Cuando la inamovilidad llegó a la vida de Adolfo Aguilar, por suerte tenía llena la casa: Su mejor amigo y sus dos sobrinos acababan de llegar de Estados Unidos. Así, por estos días, comparte su tiempo entre ejercicios, un nuevo guion cinematográfico, alimentando sus redes sociales y cocinando para tener esos almuerzos donde los platos son una excusa para una larga sobremesa de risas.
Sabe que aún pueden venir más días, pero como hogareño que es no le importa ver el reloj y toma todo con calma. Eso sí, a su salida ya le puso sabor, y cuenta que ni bien se pueda abrir la puerta de la calle, irá por un ají de gallina. Un plato que por más que lo sabe cocinar, le da una pereza horrible entre una agenda que sus visitantes se han esmerado en recargar.

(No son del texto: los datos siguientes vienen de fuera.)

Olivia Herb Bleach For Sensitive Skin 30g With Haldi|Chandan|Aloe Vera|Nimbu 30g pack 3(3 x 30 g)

Adolfo siempre ha sido cariñoso, y pese a que este COVID-19 nos está reseteando algunas costumbres, él es consciente que le será muy difícil marcar distancias con las personas que lo quieren. No se imagina, mañana, negando un abrazo, un saludo o un beso. Para alguien que desde joven trabajó en cumplir su sueño de ser uno de los conductores televisivos más queridos del país, sabe que se debe a todas las personas que en algún momento lo dejaron entrar a sus casas desde un televisor. Para aquel niño que -en los ochenta- se bronceó el rostro pasando horas viendo cómo Pablo de Madalengoitia hacía lo qué algún día él soñaba hacer, la ingratitud no es posible.
Conducir diariamente un programa por ocho años, desarrolla en cualquier persona una capacidad de desdoblamiento inusual. Tener que salir todas las noches con una risa extra large y la energía propia de una sobredosis de RedBull, sin importar si tuviste un mal día, es un ejercicio macabro que te obliga a desarrollar un súper poder doloroso. Nadie puede ser feliz durante 2920 días seguidos, pero él admite que aprendió a hacerlo, o al menos a parecerlo. Incluso cuando sentía que la espalda se la partía y entre cortes comerciales se llenaba de pastillas para cuando la luz se volviera a prender. Tal vez por eso sabe que, por estos días, pase lo que pase, él es el responsable de contagiar la alegría en casa.
La última persona que vio afuera fue su mamá. En el último día que se podía salir se encargó de hacerle las compras. Ella tiene 77 años y entiende que por la edad es más vulnerable que todos nosotros a este maldito virus. Recuerda haberle dejado todo lo que necesitaba pero que no pudo abrazarla porque los protocolos, por estas horas, nos obligan a adormecer nuestros afectos. Lo cuenta mientras nos mira con ese sentimiento que deja el despedirse de alguien sin poder besarlo, pero disimulando que todo está bien. Lo dice triste pero sonriendo, así como lo hizo en varios de aquellos 2920 días consecutivos de tele.